"I believe you've got it!" Cadman assented.

"Then I've forgotten!" Skag said with decision.

"I will have forgotten, by morning," Cadman answered.

They were on their way as soon as it was light enough to see their compass. They slept at two villages; and early the third day came out of sketchy mountains into full view of the great Grass Jungle itself. In long low waves, it billowed away from them to the dim rugged line of Vindha against the sky. It looked like massed plumes of feathers—all golden-green.

That day they walked down toward it with few words. To Skag it was perfectly natural enchantment—veiling the mystery of Dhoop Ki Dhil. He never thought of it as a death-trap for himself.

Under the late afternoon sun, the rolling waves of golden-green took on an aspect of measureless distance; clean reaches, absolutely unbroken by anything save their own majestic undulations. The most innocent landscape on earth, more enticing than the sand-desert—its softer mystery breathed forth the faint searching perfume of growing things. Its undertone was well-being. Its overtone was peace.

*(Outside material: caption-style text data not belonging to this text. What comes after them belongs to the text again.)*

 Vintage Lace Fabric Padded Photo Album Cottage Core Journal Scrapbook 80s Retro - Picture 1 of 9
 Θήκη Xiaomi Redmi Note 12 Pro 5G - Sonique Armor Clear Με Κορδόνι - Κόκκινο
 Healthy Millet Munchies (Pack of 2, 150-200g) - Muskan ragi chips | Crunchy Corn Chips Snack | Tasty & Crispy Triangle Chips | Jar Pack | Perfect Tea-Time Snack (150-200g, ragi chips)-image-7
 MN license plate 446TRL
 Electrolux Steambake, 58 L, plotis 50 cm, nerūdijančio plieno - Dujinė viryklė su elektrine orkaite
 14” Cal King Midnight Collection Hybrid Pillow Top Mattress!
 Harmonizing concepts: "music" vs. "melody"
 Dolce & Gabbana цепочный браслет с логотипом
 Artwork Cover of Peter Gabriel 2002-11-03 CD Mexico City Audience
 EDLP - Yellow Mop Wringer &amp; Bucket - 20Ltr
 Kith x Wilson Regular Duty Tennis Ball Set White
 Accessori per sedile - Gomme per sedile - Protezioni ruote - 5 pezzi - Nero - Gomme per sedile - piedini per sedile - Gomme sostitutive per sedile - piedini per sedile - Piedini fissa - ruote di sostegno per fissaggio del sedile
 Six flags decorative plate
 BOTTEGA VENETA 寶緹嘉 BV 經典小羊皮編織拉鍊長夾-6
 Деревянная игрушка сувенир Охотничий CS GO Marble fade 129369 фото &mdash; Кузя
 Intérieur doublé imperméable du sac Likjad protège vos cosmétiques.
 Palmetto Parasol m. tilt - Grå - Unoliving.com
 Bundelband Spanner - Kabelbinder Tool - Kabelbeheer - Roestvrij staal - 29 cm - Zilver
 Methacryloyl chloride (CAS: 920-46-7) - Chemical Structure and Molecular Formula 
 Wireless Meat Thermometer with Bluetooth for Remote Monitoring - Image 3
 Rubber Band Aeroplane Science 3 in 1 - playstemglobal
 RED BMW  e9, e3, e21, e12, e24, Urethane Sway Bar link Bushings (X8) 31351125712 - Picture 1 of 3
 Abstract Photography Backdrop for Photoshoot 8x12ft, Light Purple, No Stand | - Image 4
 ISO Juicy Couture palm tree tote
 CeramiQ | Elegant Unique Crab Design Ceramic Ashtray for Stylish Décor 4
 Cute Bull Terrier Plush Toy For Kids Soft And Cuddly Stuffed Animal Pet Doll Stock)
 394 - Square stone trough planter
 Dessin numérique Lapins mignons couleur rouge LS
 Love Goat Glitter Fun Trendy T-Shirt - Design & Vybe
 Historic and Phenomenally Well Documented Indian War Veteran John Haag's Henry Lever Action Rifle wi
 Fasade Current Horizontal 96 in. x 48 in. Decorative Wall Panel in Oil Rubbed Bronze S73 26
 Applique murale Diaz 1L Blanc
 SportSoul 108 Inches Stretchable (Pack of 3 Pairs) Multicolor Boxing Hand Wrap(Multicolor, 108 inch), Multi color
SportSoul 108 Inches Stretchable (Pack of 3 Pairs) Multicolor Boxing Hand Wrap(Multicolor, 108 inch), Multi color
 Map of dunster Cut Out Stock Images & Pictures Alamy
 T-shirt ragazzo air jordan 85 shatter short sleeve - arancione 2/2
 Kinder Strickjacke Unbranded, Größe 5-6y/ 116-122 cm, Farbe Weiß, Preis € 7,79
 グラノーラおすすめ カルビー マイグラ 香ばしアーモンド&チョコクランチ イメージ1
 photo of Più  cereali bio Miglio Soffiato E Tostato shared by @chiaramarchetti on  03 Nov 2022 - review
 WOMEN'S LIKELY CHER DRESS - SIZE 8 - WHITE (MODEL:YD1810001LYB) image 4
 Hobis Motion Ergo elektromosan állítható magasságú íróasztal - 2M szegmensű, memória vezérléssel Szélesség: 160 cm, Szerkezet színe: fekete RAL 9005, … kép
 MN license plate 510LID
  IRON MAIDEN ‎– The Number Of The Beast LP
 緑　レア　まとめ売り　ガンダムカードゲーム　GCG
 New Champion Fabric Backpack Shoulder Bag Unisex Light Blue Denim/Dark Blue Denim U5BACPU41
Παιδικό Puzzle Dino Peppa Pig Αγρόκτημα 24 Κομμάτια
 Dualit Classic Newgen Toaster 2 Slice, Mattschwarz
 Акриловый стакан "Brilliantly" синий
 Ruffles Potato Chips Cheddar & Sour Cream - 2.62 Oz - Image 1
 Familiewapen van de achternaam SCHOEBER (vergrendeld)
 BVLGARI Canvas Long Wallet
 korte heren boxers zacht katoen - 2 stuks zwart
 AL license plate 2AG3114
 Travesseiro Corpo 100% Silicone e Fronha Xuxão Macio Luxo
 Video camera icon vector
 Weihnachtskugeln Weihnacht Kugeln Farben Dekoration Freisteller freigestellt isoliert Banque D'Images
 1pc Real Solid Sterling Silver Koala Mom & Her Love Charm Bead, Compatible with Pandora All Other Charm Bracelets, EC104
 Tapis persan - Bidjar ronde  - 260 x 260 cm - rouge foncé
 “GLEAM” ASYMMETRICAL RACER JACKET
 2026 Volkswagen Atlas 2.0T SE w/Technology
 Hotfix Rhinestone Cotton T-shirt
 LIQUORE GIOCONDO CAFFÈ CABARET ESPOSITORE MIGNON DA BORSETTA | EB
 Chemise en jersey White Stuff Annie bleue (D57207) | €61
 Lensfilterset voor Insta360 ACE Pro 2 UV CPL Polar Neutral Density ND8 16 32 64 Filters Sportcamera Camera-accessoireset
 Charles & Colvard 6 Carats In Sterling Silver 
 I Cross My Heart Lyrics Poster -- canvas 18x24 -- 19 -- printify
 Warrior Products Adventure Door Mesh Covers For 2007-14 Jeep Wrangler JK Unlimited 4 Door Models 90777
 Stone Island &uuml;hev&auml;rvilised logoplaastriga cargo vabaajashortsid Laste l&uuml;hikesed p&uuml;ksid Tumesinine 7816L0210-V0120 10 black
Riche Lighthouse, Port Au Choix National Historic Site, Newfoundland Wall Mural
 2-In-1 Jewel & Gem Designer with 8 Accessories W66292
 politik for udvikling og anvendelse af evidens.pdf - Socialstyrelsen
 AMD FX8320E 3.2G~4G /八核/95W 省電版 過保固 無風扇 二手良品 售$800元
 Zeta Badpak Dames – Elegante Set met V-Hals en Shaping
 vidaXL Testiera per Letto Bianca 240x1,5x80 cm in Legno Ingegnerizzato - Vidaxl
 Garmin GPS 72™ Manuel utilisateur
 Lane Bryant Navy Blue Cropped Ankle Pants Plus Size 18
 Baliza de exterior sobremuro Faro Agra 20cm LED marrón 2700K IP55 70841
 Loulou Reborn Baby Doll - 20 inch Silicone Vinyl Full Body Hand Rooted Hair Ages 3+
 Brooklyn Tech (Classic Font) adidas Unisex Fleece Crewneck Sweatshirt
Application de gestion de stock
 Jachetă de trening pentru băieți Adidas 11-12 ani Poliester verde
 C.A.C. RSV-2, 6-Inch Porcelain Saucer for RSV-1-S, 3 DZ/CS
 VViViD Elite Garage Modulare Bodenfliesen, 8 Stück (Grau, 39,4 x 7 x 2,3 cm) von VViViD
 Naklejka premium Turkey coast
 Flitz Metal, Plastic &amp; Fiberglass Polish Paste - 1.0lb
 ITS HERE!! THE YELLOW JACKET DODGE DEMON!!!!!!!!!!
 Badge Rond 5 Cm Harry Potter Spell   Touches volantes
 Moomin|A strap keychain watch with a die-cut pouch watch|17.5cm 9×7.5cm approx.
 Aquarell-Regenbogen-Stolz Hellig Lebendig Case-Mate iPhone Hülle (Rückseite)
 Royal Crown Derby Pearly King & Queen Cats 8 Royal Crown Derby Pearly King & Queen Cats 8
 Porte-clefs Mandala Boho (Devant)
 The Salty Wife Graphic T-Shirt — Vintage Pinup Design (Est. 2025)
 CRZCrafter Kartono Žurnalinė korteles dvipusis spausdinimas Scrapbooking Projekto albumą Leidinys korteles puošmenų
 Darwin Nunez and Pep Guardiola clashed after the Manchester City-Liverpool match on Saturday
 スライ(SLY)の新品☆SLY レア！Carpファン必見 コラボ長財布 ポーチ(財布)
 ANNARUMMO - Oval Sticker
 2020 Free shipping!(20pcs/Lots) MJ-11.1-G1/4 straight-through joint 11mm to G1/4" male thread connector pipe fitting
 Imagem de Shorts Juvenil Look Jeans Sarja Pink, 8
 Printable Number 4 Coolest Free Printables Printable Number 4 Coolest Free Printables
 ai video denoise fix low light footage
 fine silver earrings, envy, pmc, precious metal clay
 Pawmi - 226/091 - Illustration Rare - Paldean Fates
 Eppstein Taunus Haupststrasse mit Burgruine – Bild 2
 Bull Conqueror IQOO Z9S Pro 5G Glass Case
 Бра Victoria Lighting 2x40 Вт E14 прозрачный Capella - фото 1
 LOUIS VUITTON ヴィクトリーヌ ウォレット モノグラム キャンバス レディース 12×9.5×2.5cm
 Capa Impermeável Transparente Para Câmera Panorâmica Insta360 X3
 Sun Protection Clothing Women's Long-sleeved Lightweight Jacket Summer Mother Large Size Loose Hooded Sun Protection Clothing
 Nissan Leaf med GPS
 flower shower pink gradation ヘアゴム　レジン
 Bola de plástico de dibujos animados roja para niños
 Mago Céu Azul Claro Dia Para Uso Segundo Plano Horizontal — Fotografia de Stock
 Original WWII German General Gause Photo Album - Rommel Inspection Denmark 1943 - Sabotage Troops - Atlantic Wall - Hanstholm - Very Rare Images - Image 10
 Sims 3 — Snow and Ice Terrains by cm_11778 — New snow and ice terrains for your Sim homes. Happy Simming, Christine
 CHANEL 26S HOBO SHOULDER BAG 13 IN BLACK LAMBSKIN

"Do you suppose they're doing any harm to her, in there?" Cadman asked.

"No," Skag answered, but his face was grim as he spoke.

When they came into it, they found not grass but bamboo, twelve to sixteen feet high, standing root to root. They camped at a village in its edge; and before they slept, twenty lads were ready to lead them in the man-paths, next morning.

The villages had not been visible from the mountain-side, being solidly double-thatched with bamboo. Garden and fruit-stuffs were underneath; and animals for milk and butter.